Input -
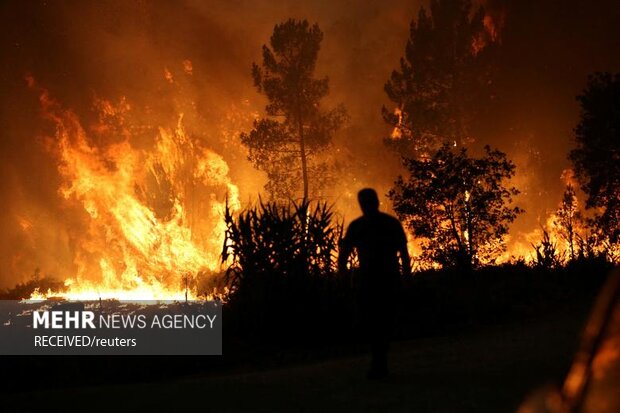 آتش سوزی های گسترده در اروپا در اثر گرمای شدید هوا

---

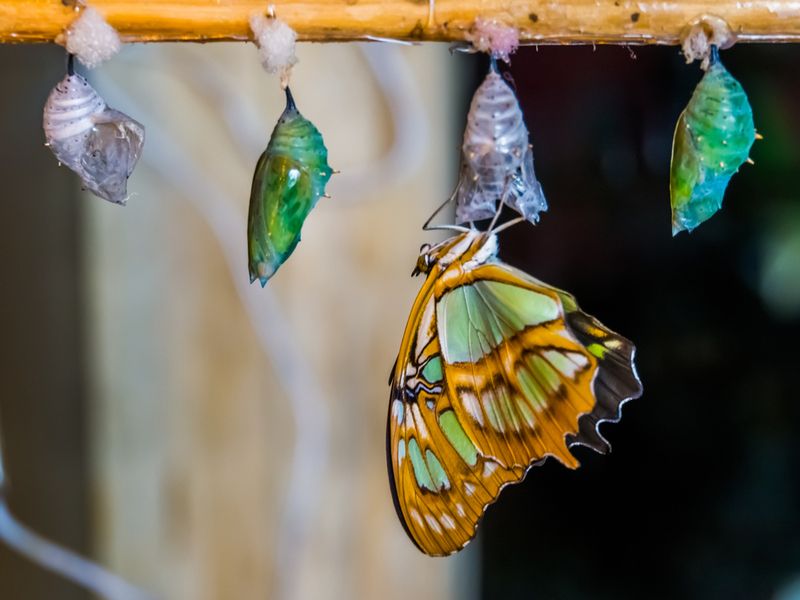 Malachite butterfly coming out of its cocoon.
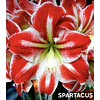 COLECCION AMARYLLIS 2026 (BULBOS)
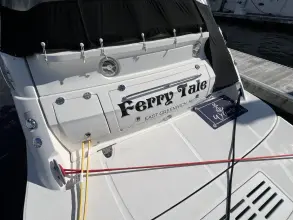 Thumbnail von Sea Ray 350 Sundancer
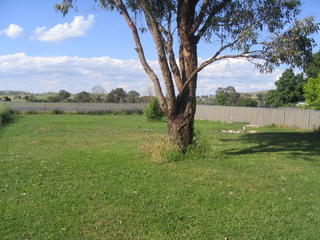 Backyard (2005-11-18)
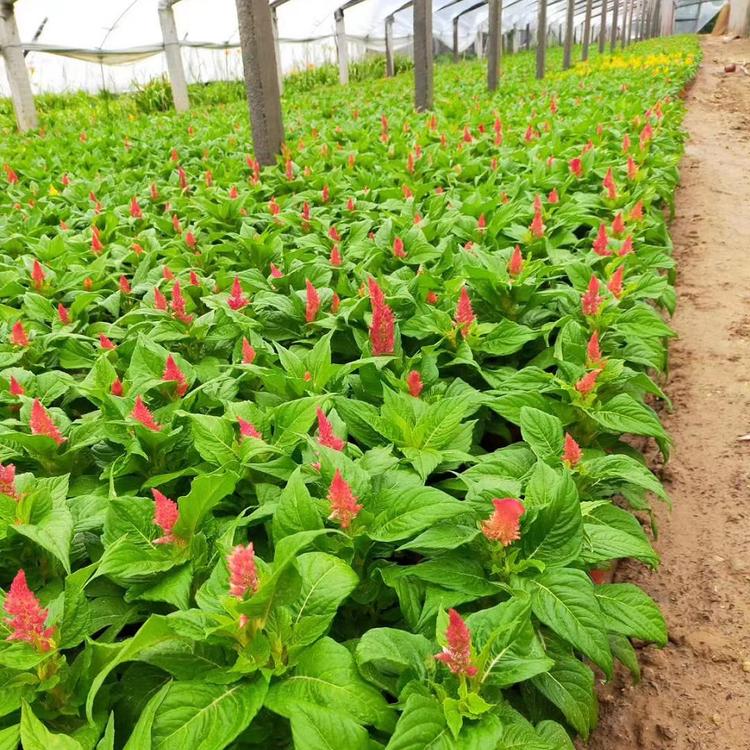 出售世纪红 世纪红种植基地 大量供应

What you are asked to do -
Your copy should hold only the lines above from the one containing "Malachite butterfly coming" through the one containing "出售世纪红 世纪红种植基地 大量供应", exactly as written and free of pictures.

Your solution -
 Malachite butterfly coming out of its cocoon.
 COLECCION AMARYLLIS 2026 (BULBOS)
 Thumbnail von Sea Ray 350 Sundancer
 Backyard (2005-11-18)
 出售世纪红 世纪红种植基地 大量供应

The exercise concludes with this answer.